Voluntary Bat Roost Visitors

Members holding a bat survey licence and trainees are able to participate in the Voluntary Bat Roost Visitor (VBRV) scheme in support of the National Bat Helpline. Calls to the helpline are assigned to the volunteer closest to the caller's location, who then contacts the caller to provide advice and if necessary arrange a visit. The group generally receives over 100 calls per year from the public via the helpline, most of which occur during an especially busy period in June and July when maternity roosts are active, and young bats are beginning to fly.

Common Pipistrelle with (newborn!) baby

Grounded Juvenile Whiskered Bat

Many calls to the helpline come from people who find grounded or injured bats, in which case it may be possible for a volunteer, if available, to take the bat into care for rehabilitation.
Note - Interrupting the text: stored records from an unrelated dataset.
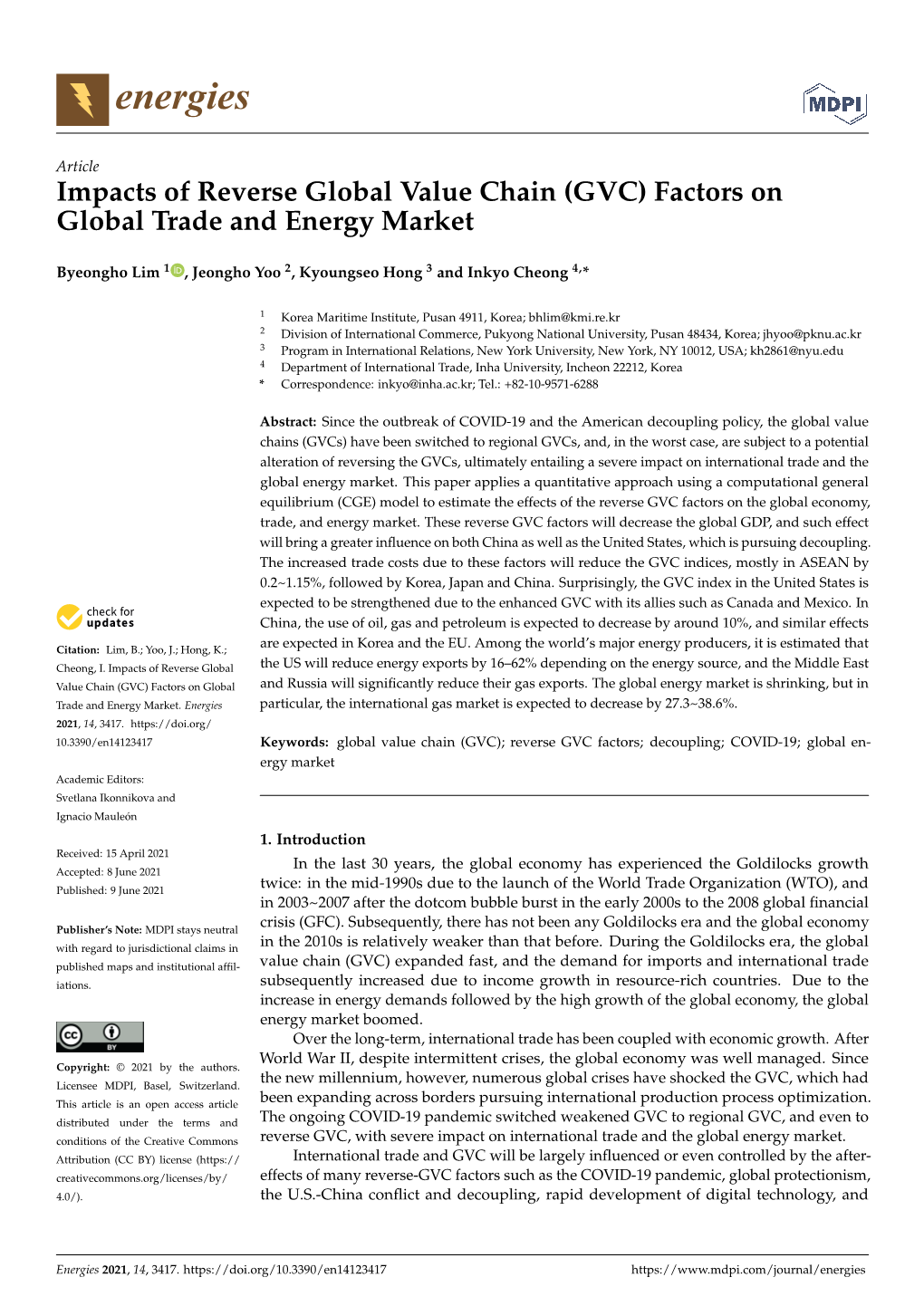 Impacts of Reverse Global Value Chain (GVC) Factors on Global Trade and Energy Market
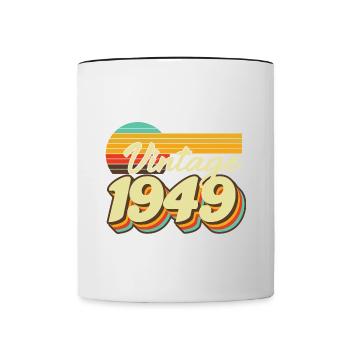 1949 Vintage anniversaire rétro Vintage cadeau - Mug contrasté - blanc/noir - Devant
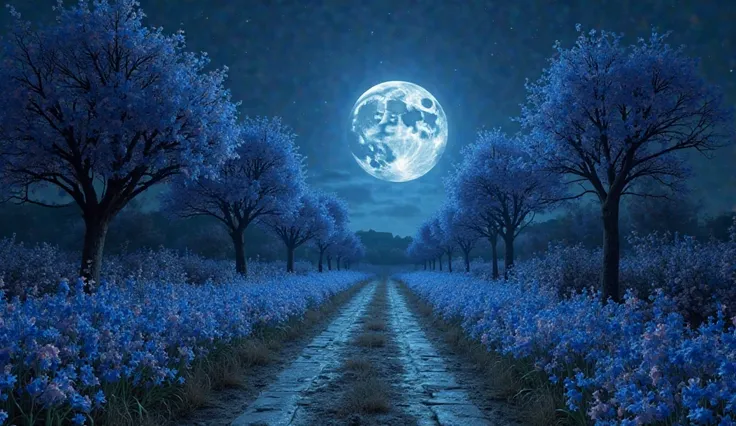 A extremely masterpiece 8k 3d animation image of a very old village road and both sides are covered with very beautiful Blue flowers and a very beautiful moon is front of the road in the very dark and beautiful night 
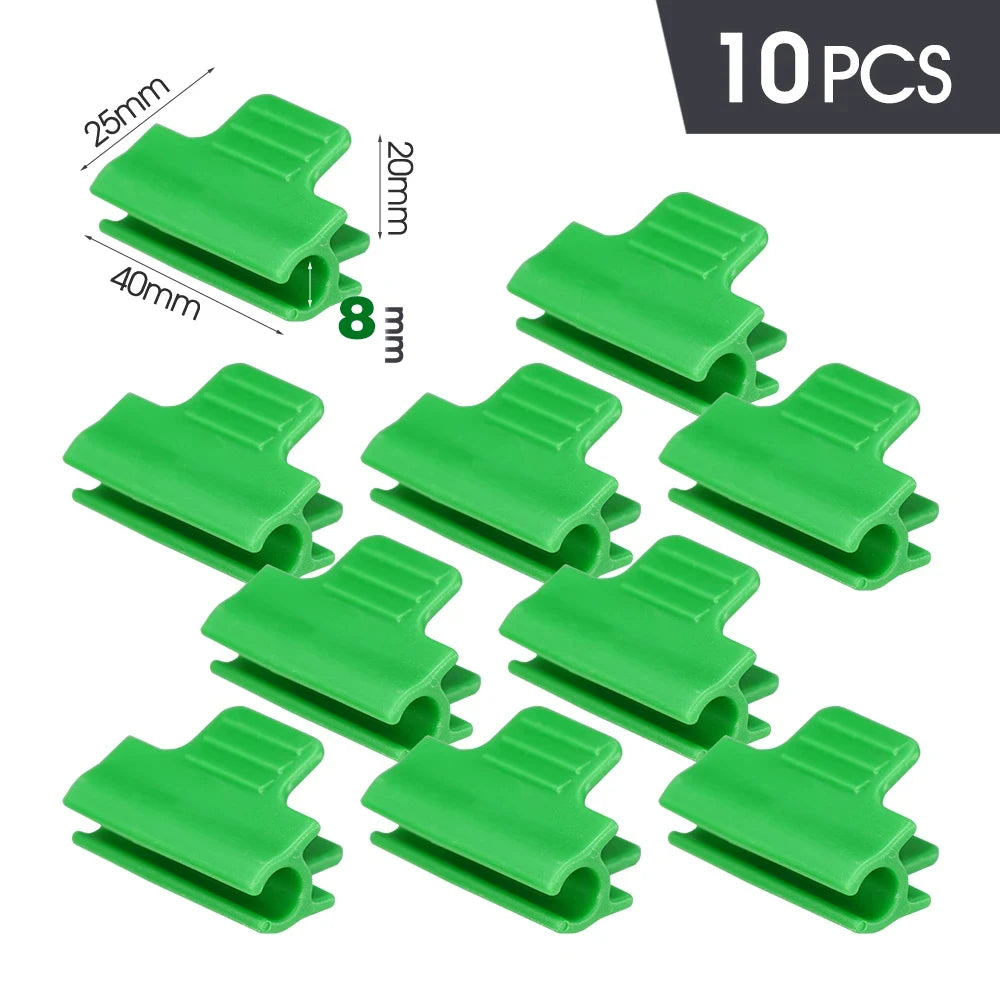 clips fixation plantes vertes pratique robustes 10 pièces opaques vert plat lisse clips support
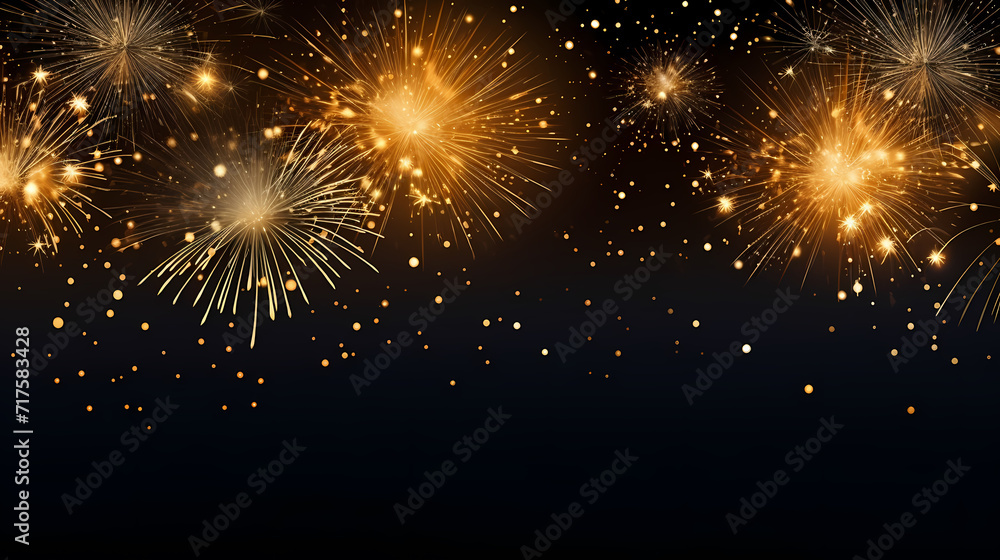 Naklejka premium Happy New Year, burning fireworks with bokeh light background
Bats trapped in buildings are another common problem, and volunteers will frequently visit to check for the presence of a roost as well as providing advice on care and release. Highest priority is given to calls that involve the confirmed presence of roosting bats. These include roosts discovered during building works, which often involve only small numbers of bats, and property owners seeking advice about the implications of large roosts within buildings.

Where a roost is present, the visitor will feed back information to Natural England, who will then write to the roost owner with official advice on whatever issue has arisen. Because visitors are volunteers, they can provide only limited help and in complex cases will generally refer the roost owner to a professional consultant. 

Likewise, the visitor scheme does not cover advice on development of buildings with bats beyond minor maintenance and repair, which again will require a consultant.

Nevertheless, the VBRV scheme does throw up many surprising and often challenging situations, such as a recent visit in which over 30 Soprano Pipistrelles were found trapped by the smooth sides of a brass coal scuttle stored in an attic.

Being a Voluntary Bat Roost Visitor requires extensive training and significant investment of time and effort, so it's not for everybody. However the group organises many other activities in which members can participate to see bats up close and in the wild, as well as helping to promote their welfare and conservation.